* [Directions]
Below are records with pictures in them. Transcribe everything from the line containing "Lookout tower on Kožova hora near Kladno" down to the line containing "snorkelling madeira", exactly, and leave the pictures behind.

* [Given records]
*****

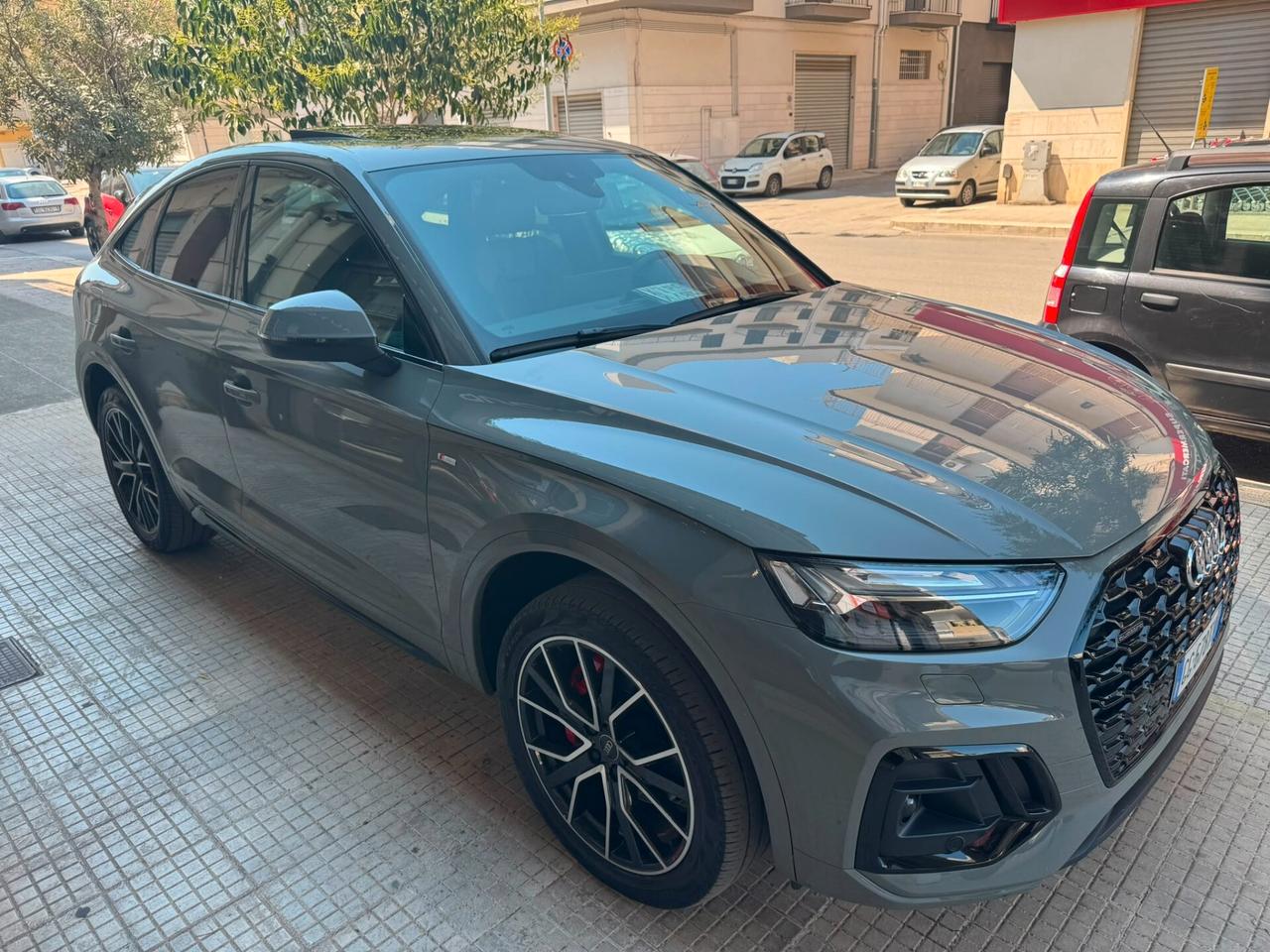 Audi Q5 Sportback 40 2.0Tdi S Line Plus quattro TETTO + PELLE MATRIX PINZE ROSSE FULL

*****

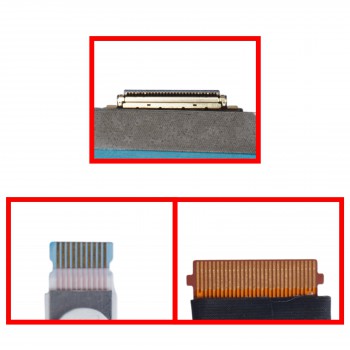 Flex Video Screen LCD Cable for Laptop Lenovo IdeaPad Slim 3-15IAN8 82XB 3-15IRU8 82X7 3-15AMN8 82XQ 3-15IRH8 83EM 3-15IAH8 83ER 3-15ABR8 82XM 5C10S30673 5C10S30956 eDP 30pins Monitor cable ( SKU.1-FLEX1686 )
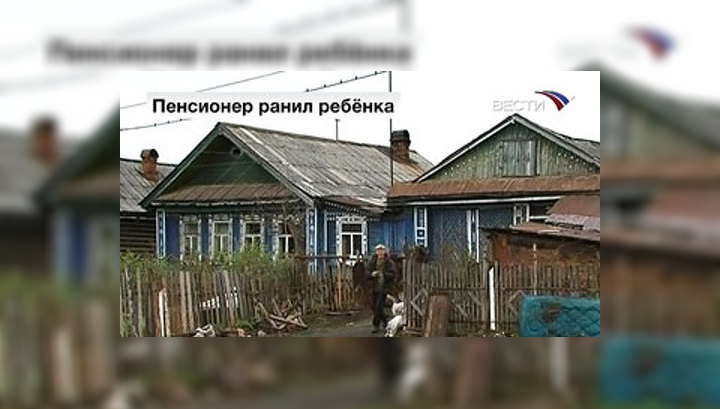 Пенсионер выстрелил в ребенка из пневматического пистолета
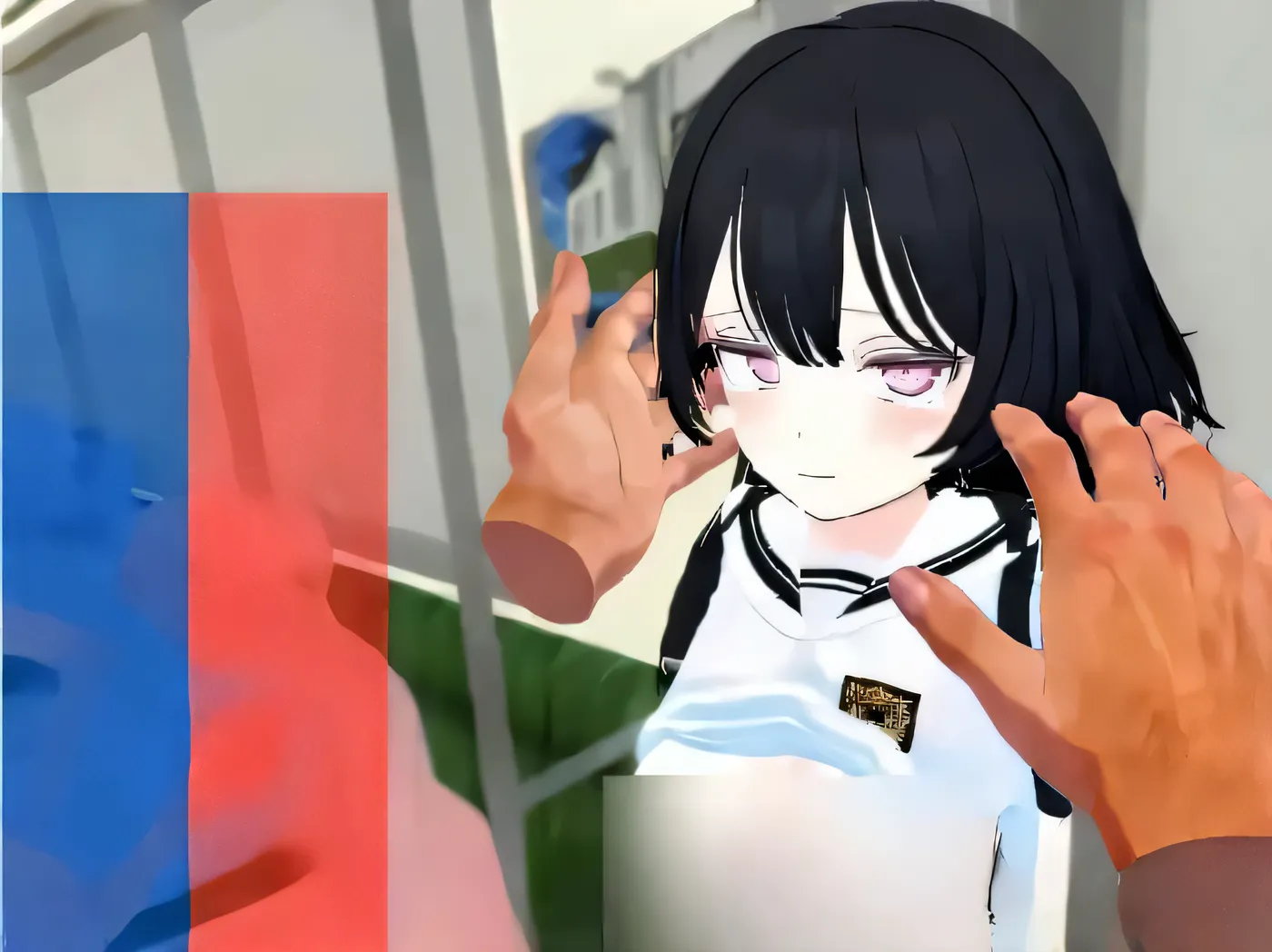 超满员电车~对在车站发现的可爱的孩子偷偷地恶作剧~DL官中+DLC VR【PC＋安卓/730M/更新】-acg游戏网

*****

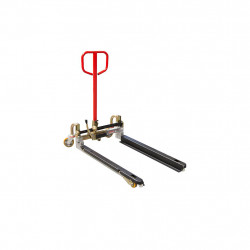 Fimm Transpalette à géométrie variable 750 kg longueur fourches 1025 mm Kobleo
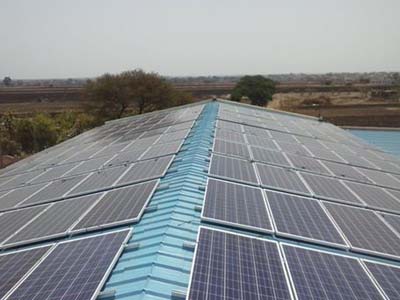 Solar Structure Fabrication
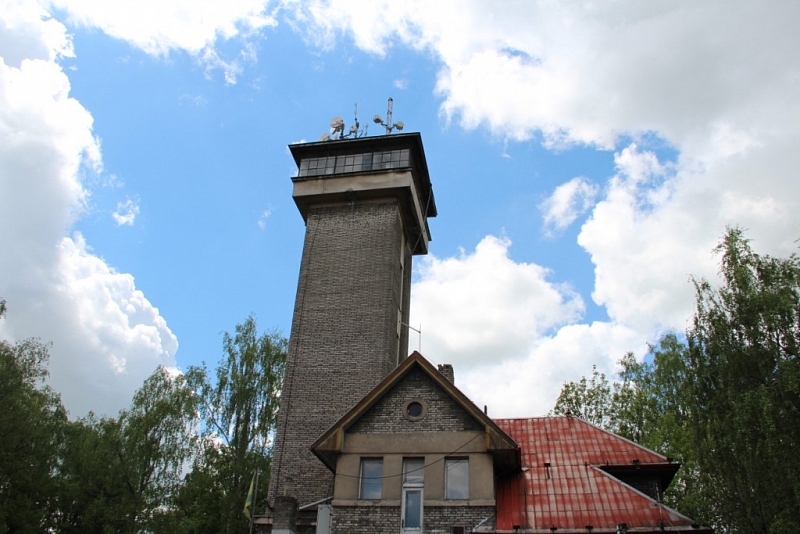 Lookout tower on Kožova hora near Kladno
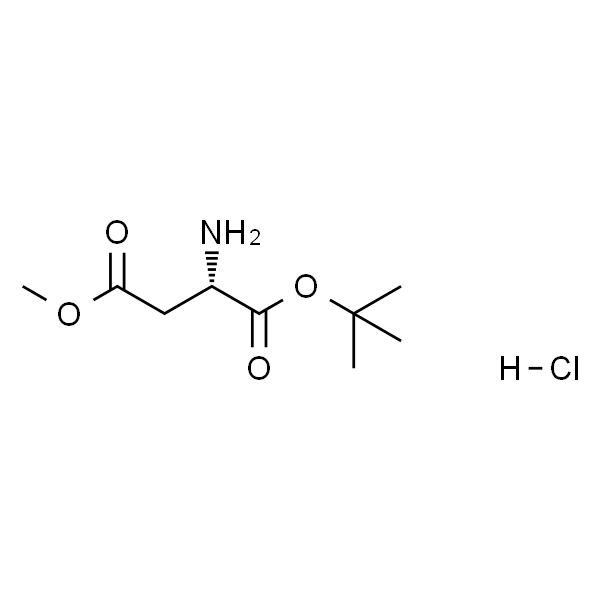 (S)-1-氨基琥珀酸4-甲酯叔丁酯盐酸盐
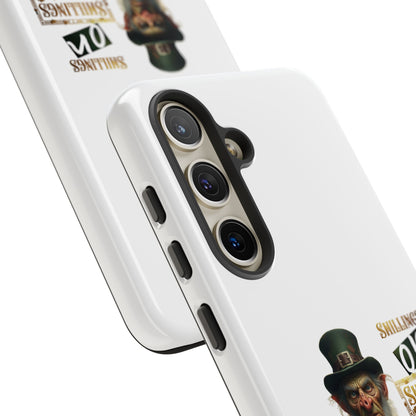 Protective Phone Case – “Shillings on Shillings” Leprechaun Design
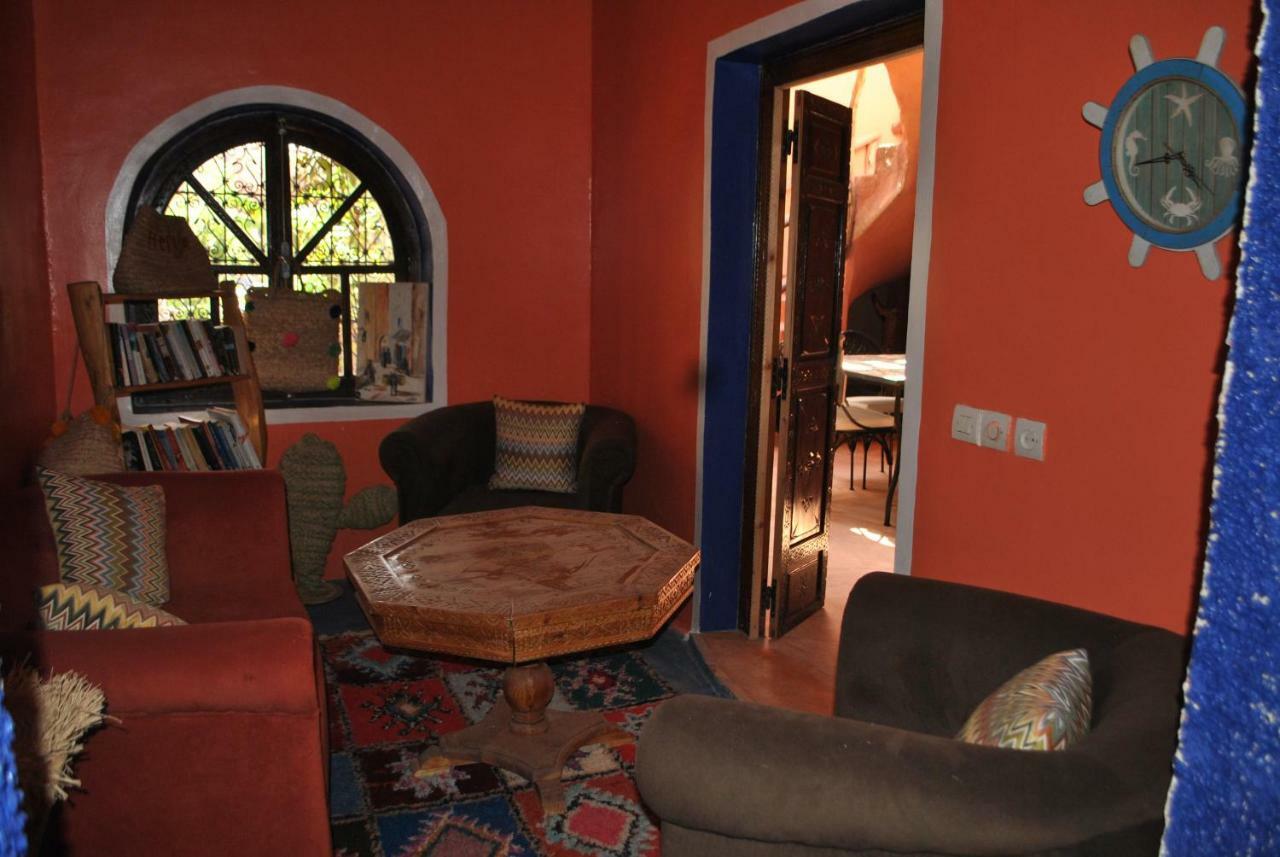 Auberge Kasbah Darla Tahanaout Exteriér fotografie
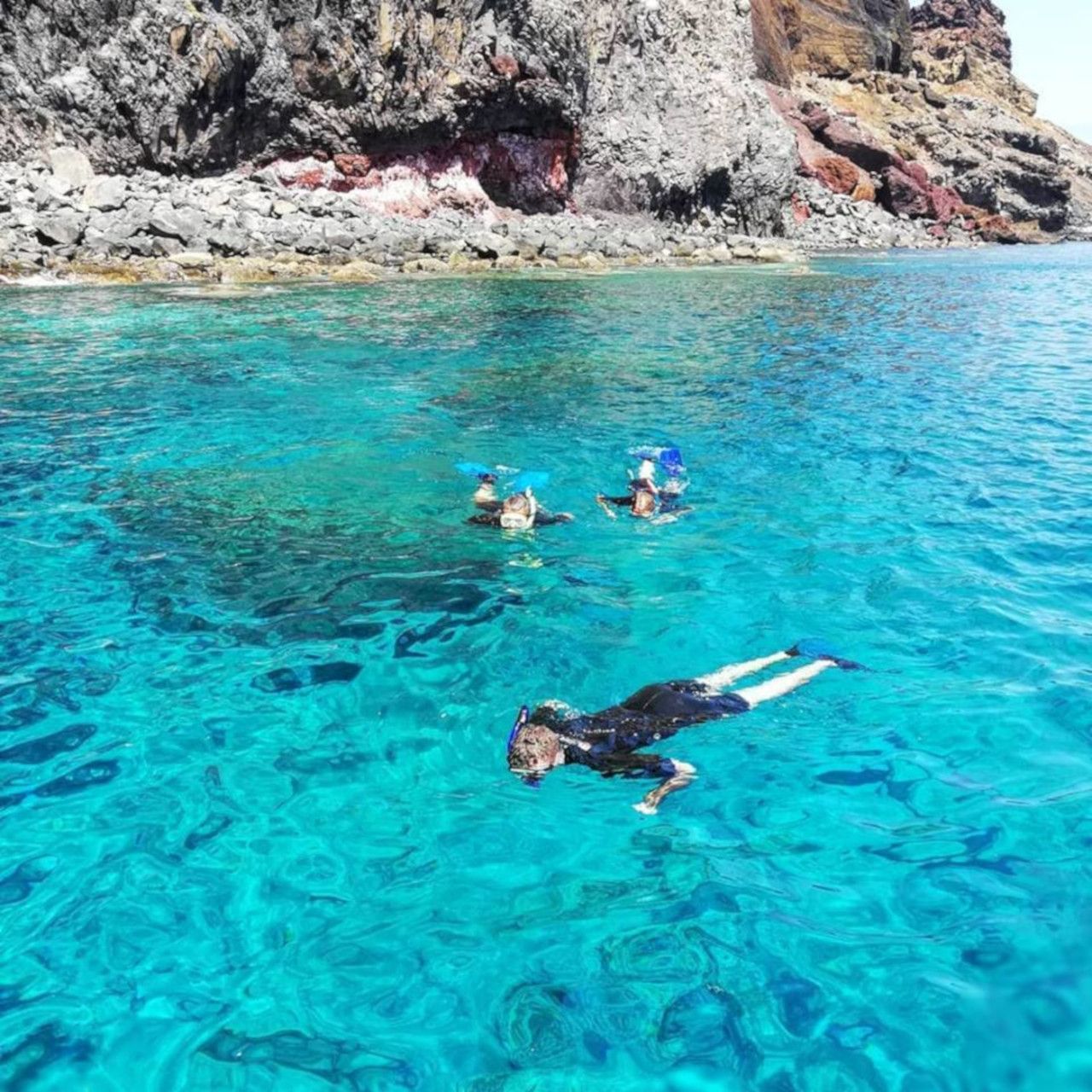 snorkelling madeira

*****

* [Answer area]
 Lookout tower on Kožova hora near Kladno
 (S)-1-氨基琥珀酸4-甲酯叔丁酯盐酸盐
 Protective Phone Case – “Shillings on Shillings” Leprechaun Design
 Auberge Kasbah Darla Tahanaout Exteriér fotografie
 snorkelling madeira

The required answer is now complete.